6. En dernier lieu, aux termes de l'article L. 8115-4 du code du travail : " Pour déterminer si elle prononce un avertissement ou une amende et, le cas échéant, pour fixer le montant de cette dernière, l'autorité administrative prend en compte les circonstances et la gravité du manquement, le comportement de son auteur, notamment sa bonne foi, ainsi que ses ressources et ses charges. ".

7. La société requérante soutient que la sanction a été prononcée plus de deux ans après les faits, qu'elle est confrontée à un contexte économique difficile, qu'elle a pris toutes les mesures pour régulariser sa situation et qu'aucun antécédent ne lui est reproché. Toutefois, pour prendre les sanctions en litige, le directeur régional de l'économie, de l'emploi, du travail et des solidarités du Grand Est a pris en considération les quatre manquements aux règles relatives aux installations sanitaires de chantier, soit l'absence de vestiaire, de lavabo, de cabinets d'aisance et de local de restauration, la connaissance des obligations par l'employeur qui emploie plus de 40 salariés et exerce son activité de BTP depuis 1990, la bonne foi de l'employeur et sa situation financière.

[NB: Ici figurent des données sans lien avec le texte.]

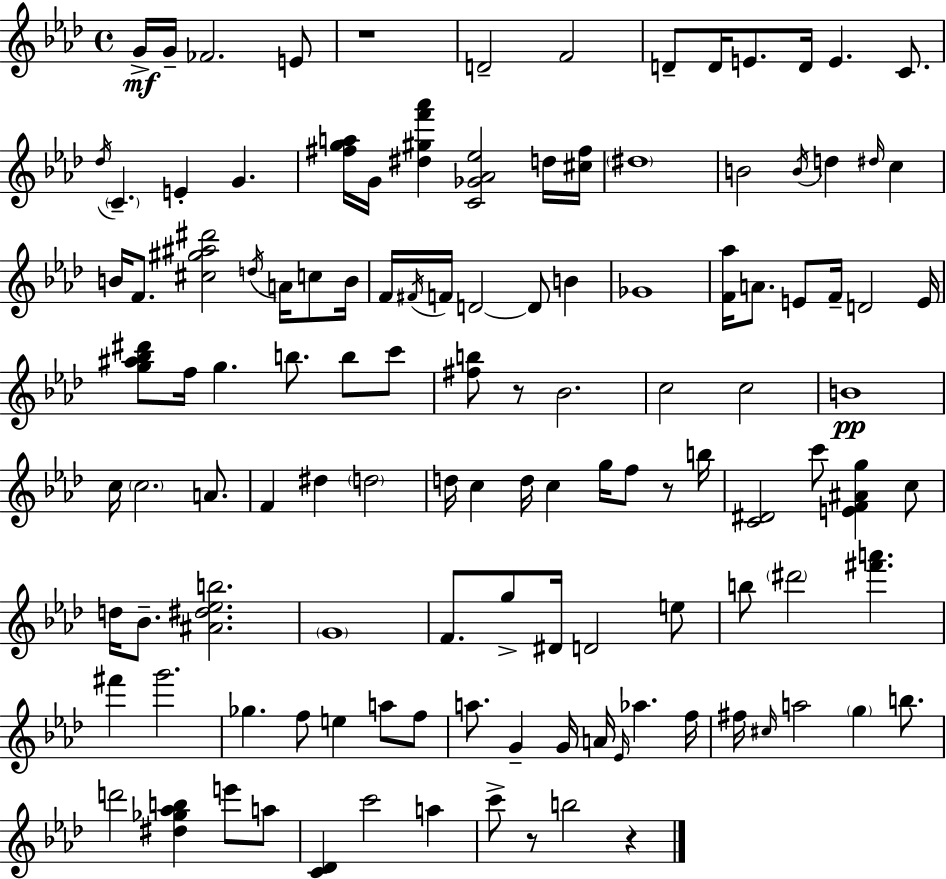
G4/s G4/s FES4/h. E4/e R/w D4/h F4/h D4/e D4/s E4/e. D4/s E4/q. C4/e. Db5/s C4/q. E4/q G4/q. [F#5,G5,A5]/s G4/s [D#5,G#5,F6,Ab6]/q [C4,Gb4,Ab4,Eb5]/h D5/s [C#5,F#5]/s D#5/w B4/h B4/s D5/q D#5/s C5/q B4/s F4/e. [C#5,G#5,A#5,D#6]/h D5/s A4/s C5/e B4/s F4/s F#4/s F4/s D4/h D4/e B4/q Gb4/w [F4,Ab5]/s A4/e. E4/e F4/s D4/h E4/s [G5,A#5,Bb5,D#6]/e F5/s G5/q. B5/e. B5/e C6/e [F#5,B5]/e R/e Bb4/h. C5/h C5/h B4/w C5/s C5/h. A4/e. F4/q D#5/q D5/h D5/s C5/q D5/s C5/q G5/s F5/e R/e B5/s [C4,D#4]/h C6/e [E4,F4,A#4,G5]/q C5/e D5/s Bb4/e. [A#4,D#5,Eb5,B5]/h. G4/w F4/e. G5/e D#4/s D4/h E5/e B5/e D#6/h [F#6,A6]/q. F#6/q G6/h. Gb5/q. F5/e E5/q A5/e F5/e A5/e. G4/q G4/s A4/s Eb4/s Ab5/q. F5/s F#5/s C#5/s A5/h G5/q B5/e. D6/h [D#5,Gb5,Ab5,B5]/q E6/e A5/e [C4,Db4]/q C6/h A5/q C6/e R/e B5/h R/q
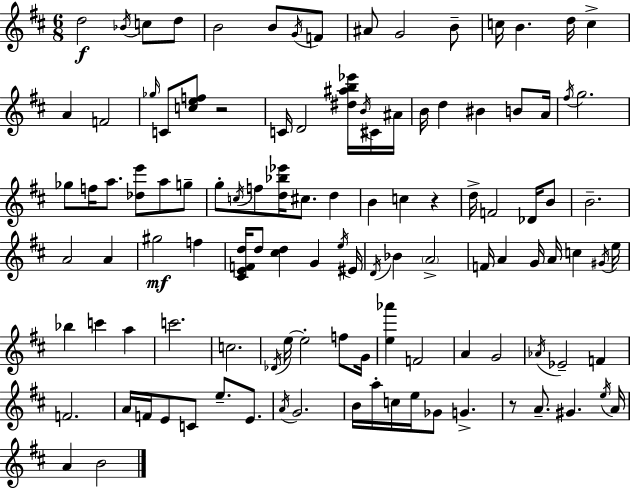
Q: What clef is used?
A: treble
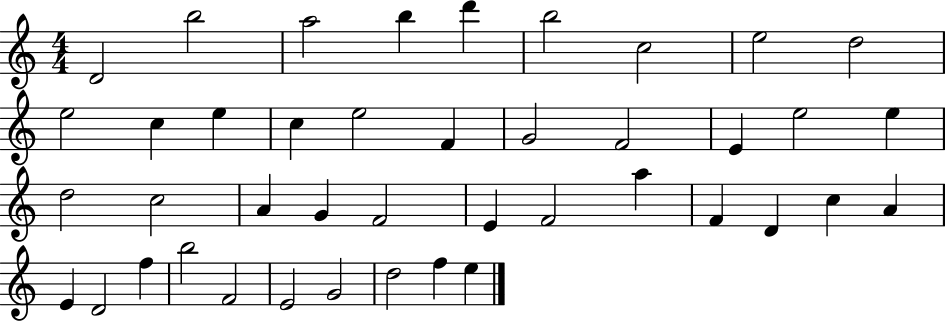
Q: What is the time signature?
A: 4/4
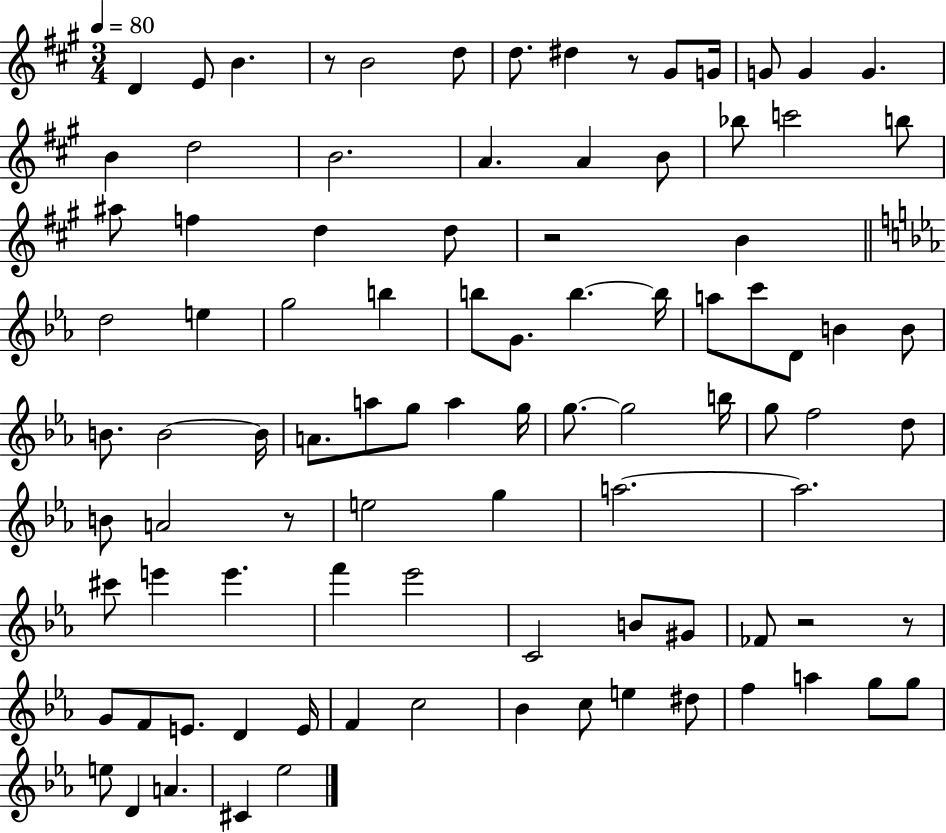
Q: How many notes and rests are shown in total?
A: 94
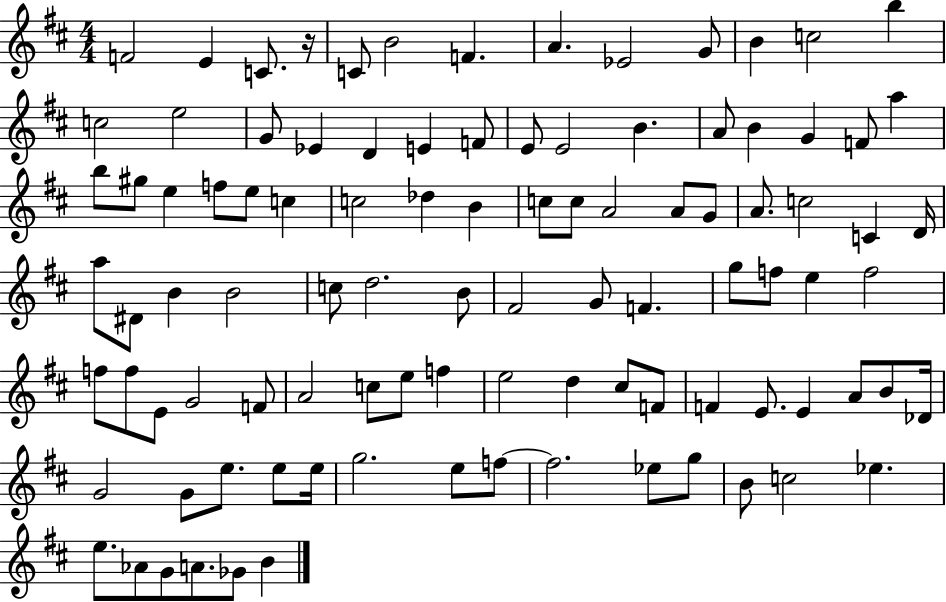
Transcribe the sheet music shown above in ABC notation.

X:1
T:Untitled
M:4/4
L:1/4
K:D
F2 E C/2 z/4 C/2 B2 F A _E2 G/2 B c2 b c2 e2 G/2 _E D E F/2 E/2 E2 B A/2 B G F/2 a b/2 ^g/2 e f/2 e/2 c c2 _d B c/2 c/2 A2 A/2 G/2 A/2 c2 C D/4 a/2 ^D/2 B B2 c/2 d2 B/2 ^F2 G/2 F g/2 f/2 e f2 f/2 f/2 E/2 G2 F/2 A2 c/2 e/2 f e2 d ^c/2 F/2 F E/2 E A/2 B/2 _D/4 G2 G/2 e/2 e/2 e/4 g2 e/2 f/2 f2 _e/2 g/2 B/2 c2 _e e/2 _A/2 G/2 A/2 _G/2 B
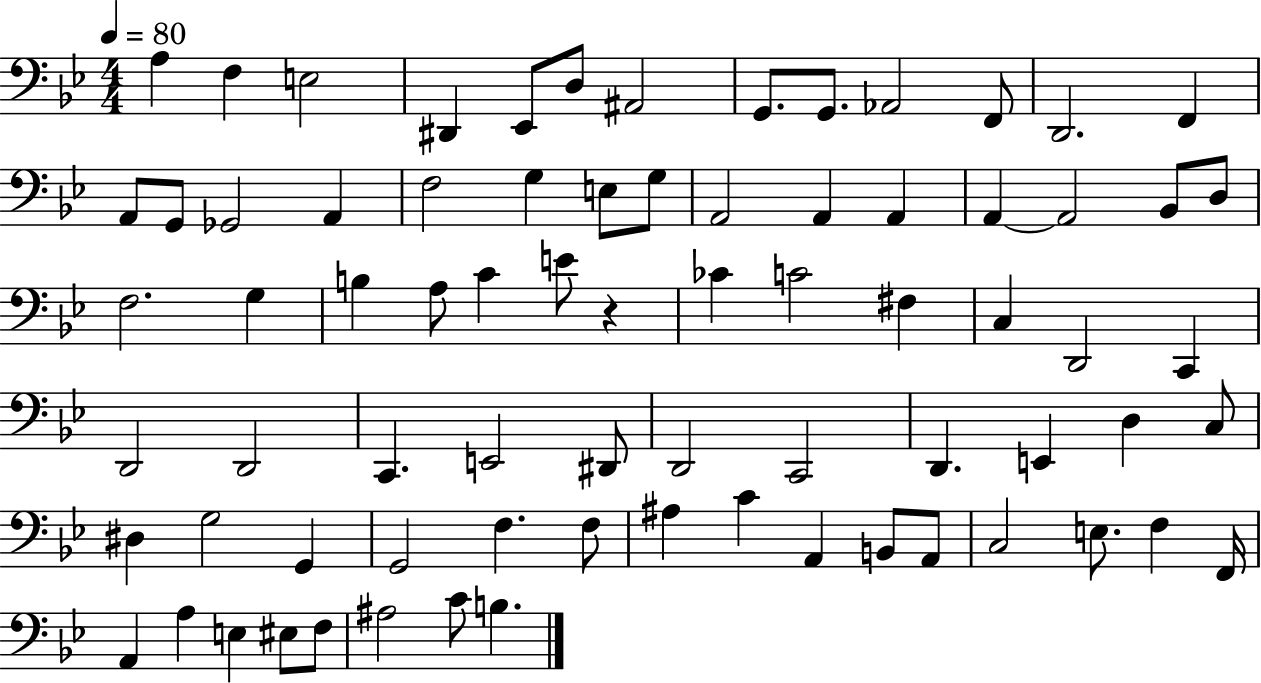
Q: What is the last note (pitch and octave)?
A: B3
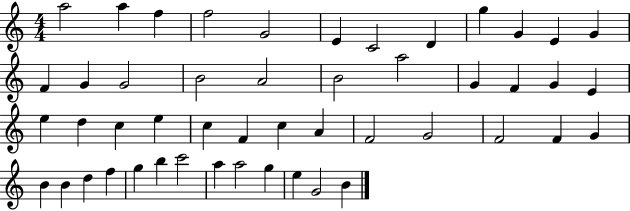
A5/h A5/q F5/q F5/h G4/h E4/q C4/h D4/q G5/q G4/q E4/q G4/q F4/q G4/q G4/h B4/h A4/h B4/h A5/h G4/q F4/q G4/q E4/q E5/q D5/q C5/q E5/q C5/q F4/q C5/q A4/q F4/h G4/h F4/h F4/q G4/q B4/q B4/q D5/q F5/q G5/q B5/q C6/h A5/q A5/h G5/q E5/q G4/h B4/q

Il a ainsi fixé les amendes à des montants respectifs de 200 euros, 300 euros, 400 euros et 300 euros, alors que le montant maximum par travailleur concerné est de 4 000 euros. Par ailleurs, la société SE Gunay ne produit aucun élément, notamment un bilan comptable, permettant d'apprécier de manière globale sa situation financière. Dans ces conditions, la société requérante n'est pas fondée à soutenir que les sanctions sont disproportionnées.

8. Il résulte de ce qui précède que la société SE Gunay n'est pas fondée à demander l'annulation de la décision du 26 mars 2021.

Sur les frais d'instance :

9. Les dispositions de l'article L. 761-1 du code de justice administrative font obstacle à ce que soit mis à la charge de l'Etat, qui n'est pas, dans la présente instance, la partie perdante, le versement d'une somme au titre des frais exposés et non compris dans les dépens.

D E C I D E :

Article 1er : La requête de la société SE Gunay est rejetée.

Article 2 : Le présent jugement sera notifié à la société SE Gunay et à la direction régionale de l'économie, de l'emploi, du travail et des solidarités du Grand Est.

Délibéré après l'audience du 31 janvier 2023, à laquelle siégeaient :

M. Dhers, président,

Mme Devys, première conseillère

Mme Weisse-Marchal, première conseillère.

Rendu public par mise à disposition au greffe le 14 février 2023.

La rapporteure,

J. Devys

Le président,

S. DhersLe greffier,

P. Souhait

La République mande et ordonne au ministre du travail en ce qui le concerne ou à tous commissaires de justice à ce requis en ce qui concerne les voies de droit commun contre les parties privées, de pourvoir à l'exécution de la présente décision.